Exercise goal -
The reply to the records below should contain exactly the lines from the line with "Bouteilles Isothermes Tasse" through the line with "With Silver Legs", and nothing besides.

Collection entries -
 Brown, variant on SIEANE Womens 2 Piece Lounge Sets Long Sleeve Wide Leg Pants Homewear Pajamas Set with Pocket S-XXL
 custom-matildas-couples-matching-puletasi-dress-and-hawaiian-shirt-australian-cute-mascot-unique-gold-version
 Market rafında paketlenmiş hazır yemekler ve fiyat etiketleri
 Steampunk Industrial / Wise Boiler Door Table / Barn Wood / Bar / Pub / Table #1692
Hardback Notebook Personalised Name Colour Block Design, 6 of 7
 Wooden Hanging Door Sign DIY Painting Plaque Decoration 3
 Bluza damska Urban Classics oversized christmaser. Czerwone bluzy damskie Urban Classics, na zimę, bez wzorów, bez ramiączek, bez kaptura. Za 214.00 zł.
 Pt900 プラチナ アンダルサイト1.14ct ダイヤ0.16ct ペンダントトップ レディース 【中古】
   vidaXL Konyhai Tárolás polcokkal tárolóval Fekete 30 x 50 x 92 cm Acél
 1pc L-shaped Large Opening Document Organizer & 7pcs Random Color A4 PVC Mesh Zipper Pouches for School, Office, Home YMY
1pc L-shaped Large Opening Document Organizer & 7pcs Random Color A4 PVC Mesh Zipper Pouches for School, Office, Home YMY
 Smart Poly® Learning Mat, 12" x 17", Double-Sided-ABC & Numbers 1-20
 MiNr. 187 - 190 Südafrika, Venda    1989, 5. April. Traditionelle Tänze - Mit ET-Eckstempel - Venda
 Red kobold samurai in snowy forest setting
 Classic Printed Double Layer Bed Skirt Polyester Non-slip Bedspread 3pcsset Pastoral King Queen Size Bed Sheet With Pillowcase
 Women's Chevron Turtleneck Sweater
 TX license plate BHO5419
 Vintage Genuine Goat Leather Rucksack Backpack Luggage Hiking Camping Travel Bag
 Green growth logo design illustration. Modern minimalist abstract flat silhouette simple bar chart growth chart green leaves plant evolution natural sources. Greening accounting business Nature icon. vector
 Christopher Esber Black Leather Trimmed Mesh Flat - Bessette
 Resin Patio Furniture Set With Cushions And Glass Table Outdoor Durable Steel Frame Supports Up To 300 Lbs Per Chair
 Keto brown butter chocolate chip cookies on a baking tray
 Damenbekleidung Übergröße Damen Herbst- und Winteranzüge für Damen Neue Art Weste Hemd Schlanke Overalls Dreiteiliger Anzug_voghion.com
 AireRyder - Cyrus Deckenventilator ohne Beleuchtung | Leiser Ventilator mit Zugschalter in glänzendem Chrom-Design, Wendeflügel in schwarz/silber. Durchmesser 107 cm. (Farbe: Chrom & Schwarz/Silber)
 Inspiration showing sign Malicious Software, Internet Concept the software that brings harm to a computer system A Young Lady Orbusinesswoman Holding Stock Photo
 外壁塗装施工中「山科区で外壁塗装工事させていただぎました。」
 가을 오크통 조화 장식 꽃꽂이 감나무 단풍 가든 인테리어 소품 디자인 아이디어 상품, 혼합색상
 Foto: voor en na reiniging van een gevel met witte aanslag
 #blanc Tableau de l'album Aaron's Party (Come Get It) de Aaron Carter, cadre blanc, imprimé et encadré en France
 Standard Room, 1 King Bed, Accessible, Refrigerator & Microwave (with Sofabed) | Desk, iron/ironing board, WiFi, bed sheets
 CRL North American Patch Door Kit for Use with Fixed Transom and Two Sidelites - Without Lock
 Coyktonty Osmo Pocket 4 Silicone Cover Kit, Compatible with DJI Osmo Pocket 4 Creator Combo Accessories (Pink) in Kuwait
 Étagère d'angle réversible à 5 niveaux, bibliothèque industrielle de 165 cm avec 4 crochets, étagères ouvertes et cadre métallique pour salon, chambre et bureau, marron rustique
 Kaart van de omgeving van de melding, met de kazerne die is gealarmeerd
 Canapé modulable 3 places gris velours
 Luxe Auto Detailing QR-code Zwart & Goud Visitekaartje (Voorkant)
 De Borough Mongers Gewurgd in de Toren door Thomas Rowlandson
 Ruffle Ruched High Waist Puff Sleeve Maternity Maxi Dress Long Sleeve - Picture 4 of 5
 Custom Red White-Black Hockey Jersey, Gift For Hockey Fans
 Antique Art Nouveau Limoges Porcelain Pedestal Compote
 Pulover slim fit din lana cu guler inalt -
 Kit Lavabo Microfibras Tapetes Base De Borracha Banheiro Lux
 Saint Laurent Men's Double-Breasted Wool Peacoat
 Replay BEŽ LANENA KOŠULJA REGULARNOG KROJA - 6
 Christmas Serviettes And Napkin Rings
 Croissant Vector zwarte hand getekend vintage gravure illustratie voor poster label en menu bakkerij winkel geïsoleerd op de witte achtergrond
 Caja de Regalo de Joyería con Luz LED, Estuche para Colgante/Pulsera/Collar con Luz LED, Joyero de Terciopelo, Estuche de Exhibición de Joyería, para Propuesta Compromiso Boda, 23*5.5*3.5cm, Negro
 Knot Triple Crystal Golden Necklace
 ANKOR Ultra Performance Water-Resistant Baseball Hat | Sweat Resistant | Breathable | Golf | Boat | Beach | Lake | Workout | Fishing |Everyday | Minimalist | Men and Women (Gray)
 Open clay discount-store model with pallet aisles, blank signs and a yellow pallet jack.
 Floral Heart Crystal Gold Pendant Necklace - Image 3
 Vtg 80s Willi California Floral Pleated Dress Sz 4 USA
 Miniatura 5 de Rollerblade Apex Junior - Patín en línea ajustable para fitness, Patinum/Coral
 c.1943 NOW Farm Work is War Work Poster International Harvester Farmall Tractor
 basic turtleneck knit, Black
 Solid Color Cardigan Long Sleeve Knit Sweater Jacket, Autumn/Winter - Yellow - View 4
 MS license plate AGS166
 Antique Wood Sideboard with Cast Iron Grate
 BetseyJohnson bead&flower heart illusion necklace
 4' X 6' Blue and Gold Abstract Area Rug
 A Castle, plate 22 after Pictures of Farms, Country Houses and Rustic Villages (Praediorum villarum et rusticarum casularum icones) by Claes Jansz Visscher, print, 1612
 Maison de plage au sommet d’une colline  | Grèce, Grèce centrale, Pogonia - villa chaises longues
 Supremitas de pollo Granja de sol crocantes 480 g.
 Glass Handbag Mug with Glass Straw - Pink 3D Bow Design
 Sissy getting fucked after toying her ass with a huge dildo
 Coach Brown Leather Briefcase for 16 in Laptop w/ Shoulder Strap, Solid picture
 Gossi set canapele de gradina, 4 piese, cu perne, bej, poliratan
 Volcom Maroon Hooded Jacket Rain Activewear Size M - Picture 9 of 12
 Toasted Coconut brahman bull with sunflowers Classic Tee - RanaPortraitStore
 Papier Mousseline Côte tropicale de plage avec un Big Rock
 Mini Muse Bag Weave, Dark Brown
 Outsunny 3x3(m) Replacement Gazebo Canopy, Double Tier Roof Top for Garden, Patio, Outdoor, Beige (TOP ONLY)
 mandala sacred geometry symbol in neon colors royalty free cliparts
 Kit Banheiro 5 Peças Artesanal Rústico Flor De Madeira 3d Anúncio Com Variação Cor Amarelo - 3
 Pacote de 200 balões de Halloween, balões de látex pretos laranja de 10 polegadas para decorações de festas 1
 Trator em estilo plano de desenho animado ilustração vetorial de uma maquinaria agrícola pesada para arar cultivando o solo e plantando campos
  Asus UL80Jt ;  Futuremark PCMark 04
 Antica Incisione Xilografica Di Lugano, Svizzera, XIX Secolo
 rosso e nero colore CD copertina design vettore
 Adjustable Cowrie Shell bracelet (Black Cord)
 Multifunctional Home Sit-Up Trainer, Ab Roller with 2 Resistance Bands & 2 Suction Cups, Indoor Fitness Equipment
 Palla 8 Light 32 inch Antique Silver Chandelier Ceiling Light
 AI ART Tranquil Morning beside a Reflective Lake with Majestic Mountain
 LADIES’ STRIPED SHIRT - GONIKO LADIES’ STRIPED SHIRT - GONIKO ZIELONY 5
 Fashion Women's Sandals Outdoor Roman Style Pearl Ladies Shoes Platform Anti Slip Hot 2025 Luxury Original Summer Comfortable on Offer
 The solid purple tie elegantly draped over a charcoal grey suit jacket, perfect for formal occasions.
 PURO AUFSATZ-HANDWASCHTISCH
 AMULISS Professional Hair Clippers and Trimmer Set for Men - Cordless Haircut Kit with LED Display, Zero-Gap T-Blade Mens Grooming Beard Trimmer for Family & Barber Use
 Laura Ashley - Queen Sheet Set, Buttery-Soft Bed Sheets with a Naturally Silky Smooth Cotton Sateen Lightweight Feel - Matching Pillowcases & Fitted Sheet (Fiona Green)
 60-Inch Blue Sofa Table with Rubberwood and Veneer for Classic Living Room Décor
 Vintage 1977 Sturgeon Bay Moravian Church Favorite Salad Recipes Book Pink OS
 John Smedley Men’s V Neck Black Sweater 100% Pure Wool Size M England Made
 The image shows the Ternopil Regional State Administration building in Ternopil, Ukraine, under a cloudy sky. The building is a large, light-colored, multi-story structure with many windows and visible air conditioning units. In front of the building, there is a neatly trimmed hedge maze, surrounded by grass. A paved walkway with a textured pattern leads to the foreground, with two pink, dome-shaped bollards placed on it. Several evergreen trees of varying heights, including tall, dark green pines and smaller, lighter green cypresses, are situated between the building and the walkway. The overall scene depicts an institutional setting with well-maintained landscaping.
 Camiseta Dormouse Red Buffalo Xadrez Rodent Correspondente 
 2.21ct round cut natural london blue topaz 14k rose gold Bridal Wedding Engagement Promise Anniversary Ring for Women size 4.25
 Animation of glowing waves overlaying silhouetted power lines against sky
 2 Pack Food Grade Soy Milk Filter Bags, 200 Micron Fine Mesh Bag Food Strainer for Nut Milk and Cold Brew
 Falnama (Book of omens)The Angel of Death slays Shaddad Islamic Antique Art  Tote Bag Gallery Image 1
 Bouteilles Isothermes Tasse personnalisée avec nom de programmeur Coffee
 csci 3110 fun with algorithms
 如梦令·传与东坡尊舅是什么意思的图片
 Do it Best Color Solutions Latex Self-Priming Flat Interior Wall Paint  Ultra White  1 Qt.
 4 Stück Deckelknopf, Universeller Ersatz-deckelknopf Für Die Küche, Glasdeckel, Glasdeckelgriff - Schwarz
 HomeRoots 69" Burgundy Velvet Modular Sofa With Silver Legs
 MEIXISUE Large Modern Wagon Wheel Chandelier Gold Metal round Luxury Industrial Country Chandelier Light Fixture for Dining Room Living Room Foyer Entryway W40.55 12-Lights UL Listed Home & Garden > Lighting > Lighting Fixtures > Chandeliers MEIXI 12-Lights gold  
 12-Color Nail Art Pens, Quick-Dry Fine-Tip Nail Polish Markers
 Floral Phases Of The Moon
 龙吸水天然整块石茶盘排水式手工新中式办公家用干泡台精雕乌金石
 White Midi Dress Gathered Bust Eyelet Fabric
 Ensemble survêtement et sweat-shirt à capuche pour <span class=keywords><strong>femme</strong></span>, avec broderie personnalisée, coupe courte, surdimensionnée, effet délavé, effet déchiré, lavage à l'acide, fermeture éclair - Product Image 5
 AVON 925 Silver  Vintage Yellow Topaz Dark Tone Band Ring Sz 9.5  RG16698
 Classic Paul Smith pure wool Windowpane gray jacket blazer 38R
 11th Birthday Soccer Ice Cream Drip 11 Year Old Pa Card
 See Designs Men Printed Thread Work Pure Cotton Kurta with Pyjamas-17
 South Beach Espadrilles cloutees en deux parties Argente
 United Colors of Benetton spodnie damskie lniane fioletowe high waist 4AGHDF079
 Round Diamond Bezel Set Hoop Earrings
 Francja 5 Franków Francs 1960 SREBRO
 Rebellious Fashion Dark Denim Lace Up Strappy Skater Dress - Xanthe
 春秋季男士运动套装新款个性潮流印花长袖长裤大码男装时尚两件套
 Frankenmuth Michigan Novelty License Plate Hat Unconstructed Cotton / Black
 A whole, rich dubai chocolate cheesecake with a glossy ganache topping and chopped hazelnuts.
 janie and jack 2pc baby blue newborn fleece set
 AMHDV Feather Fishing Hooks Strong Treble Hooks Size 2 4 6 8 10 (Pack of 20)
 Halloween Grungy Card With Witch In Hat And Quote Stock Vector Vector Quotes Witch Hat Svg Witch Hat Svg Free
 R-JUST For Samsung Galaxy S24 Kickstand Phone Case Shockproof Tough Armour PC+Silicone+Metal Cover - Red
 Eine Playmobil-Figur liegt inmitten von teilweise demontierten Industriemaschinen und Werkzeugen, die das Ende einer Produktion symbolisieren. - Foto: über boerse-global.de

Response -
 Bouteilles Isothermes Tasse personnalisée avec nom de programmeur Coffee
 csci 3110 fun with algorithms
 如梦令·传与东坡尊舅是什么意思的图片
 Do it Best Color Solutions Latex Self-Priming Flat Interior Wall Paint  Ultra White  1 Qt.
 4 Stück Deckelknopf, Universeller Ersatz-deckelknopf Für Die Küche, Glasdeckel, Glasdeckelgriff - Schwarz
 HomeRoots 69" Burgundy Velvet Modular Sofa With Silver Legs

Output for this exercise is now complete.